The jenkins_appinstall.sh
includes a logic-block that attempts to locate automatically-recoverable files (those created per the "Auto-recovery" backup-description, above). The script:
- Attempts to find an auto-recovery TAR file in the
<BACKUP_BUCKET>/<BACKUP_FOLDER>/sync
directory:- The
BACKUP_BUCKET
value is retrieved from the/etc/cfn/Jenkins.envs
file — previously populated viacfn-init
from the launched CFn stack's equivalent parameter-value. - The
BACKUP_FOLDER
value is retrieved from the/etc/cfn/Jenkins.envs
file — previously populated viacfn-init
from the launched CFn stack's equivalent parameter-value. - Candidate recovery files are named
JENKINS_HOME-<MM>.tar
— where the value ofMM
is the minute at which the job that created the auto-recovery file was initiated.
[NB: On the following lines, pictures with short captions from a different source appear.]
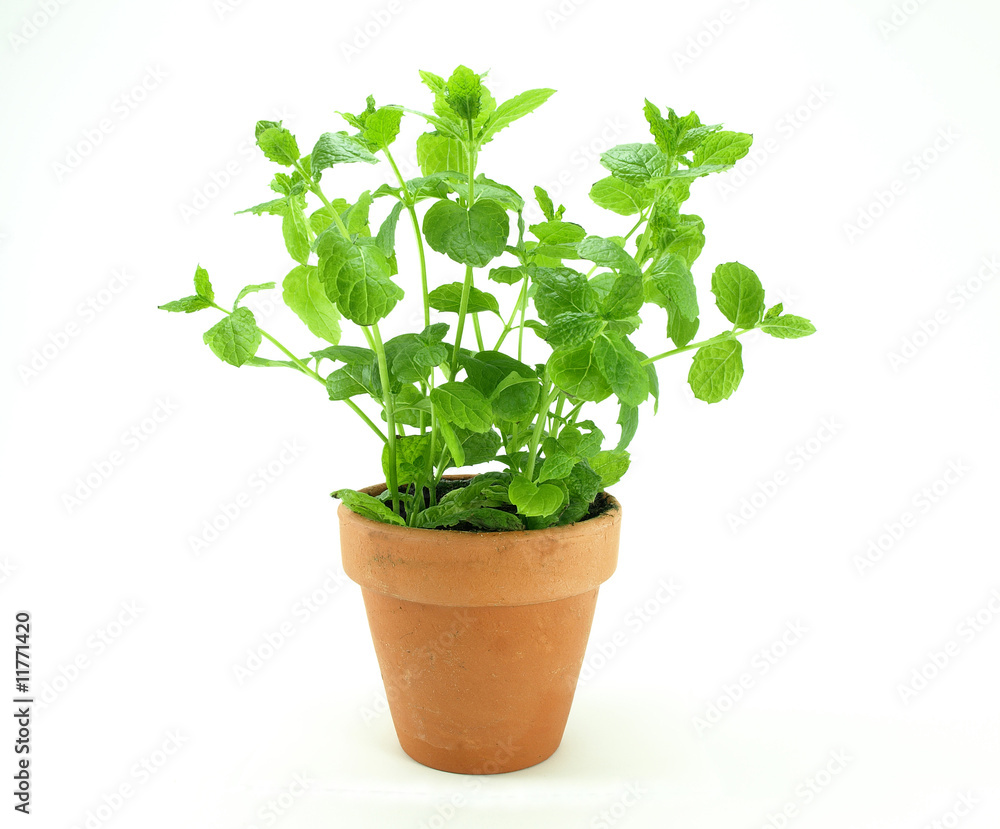 Fresh mint herb Fresh mint herb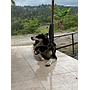 Finca 5.000 m2 con Casa 2B/1B y Galpón 3.500 aves - Vda Caraza / Chipaque / Cundinamarca / Colombia +57 3134283255 COL / +1 8623914933 USA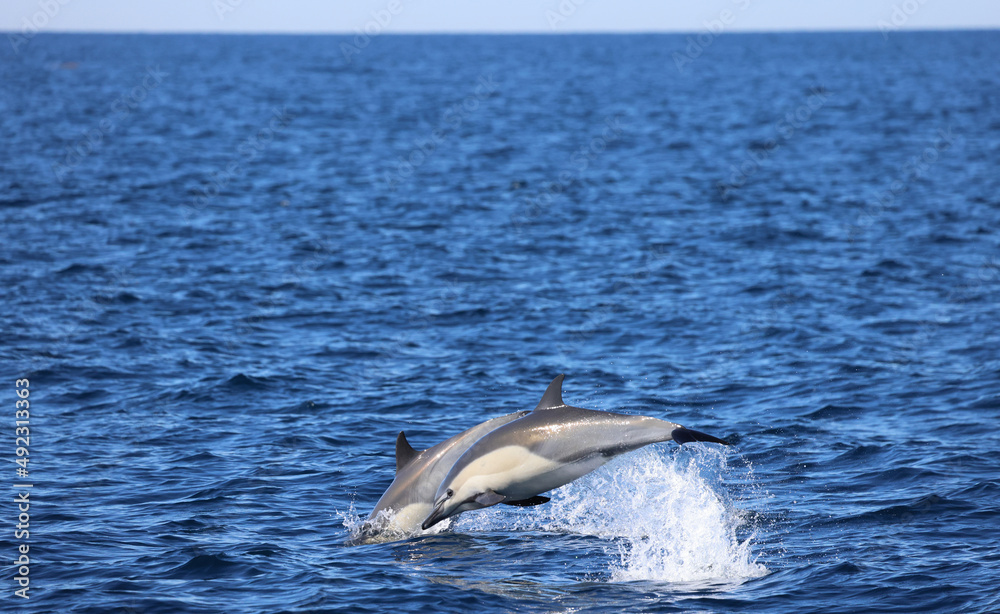 two dolphins jumping, common dolphins 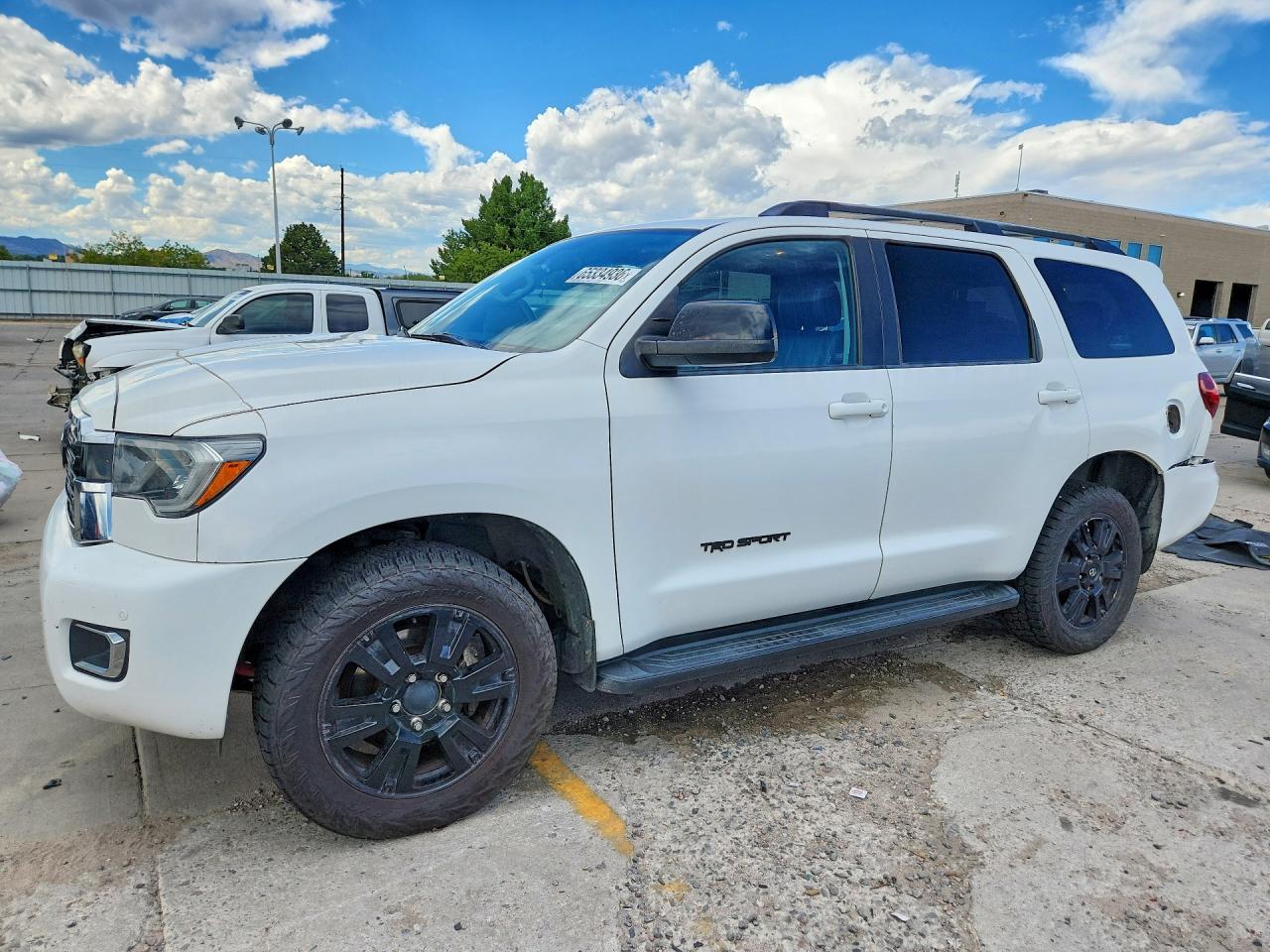 2018 TOYOTA SEQUOIA TRD SPORT | 5TDBY5G14JS160264 | UPCARS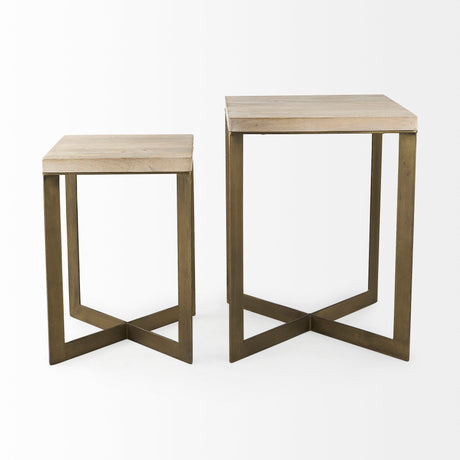 Faye (Set of 2) 19L x 19W x 26H Beige Finished Wood W/ Gold Metal Base Accent Tables from Mercana - Luna Furniture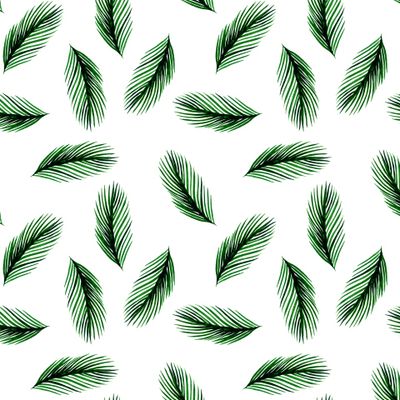 Pine Branch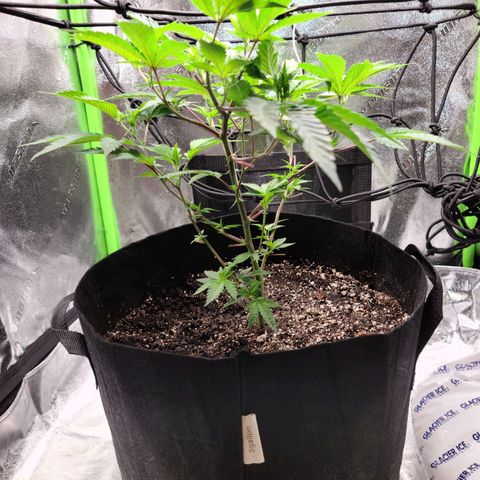 Gelato #25 x Dosidos  growlog timeline photo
Typically, this value will be one of00
,20
or40
.
- The
- If a candidate auto-recovery TAR file is found, an attempt will be made to verify that the TAR file is not corrupted
- If the TAR file passes the verification test, it will be directly extracted from its S3-hosted location and recovered to
${JENKINS_HOME}
- The auto-recovery routines will then do a basic check for the suitability of the recovered data.
- If the recovered data appears to be valid, the install scripts will continue on with installation of Jenkins binaries.
Upon completion of auto-recovery and binary installation, the Jenkins service should restart to the same state that the system that generated the auto-recovery TAR file was in at the time of the file's creation.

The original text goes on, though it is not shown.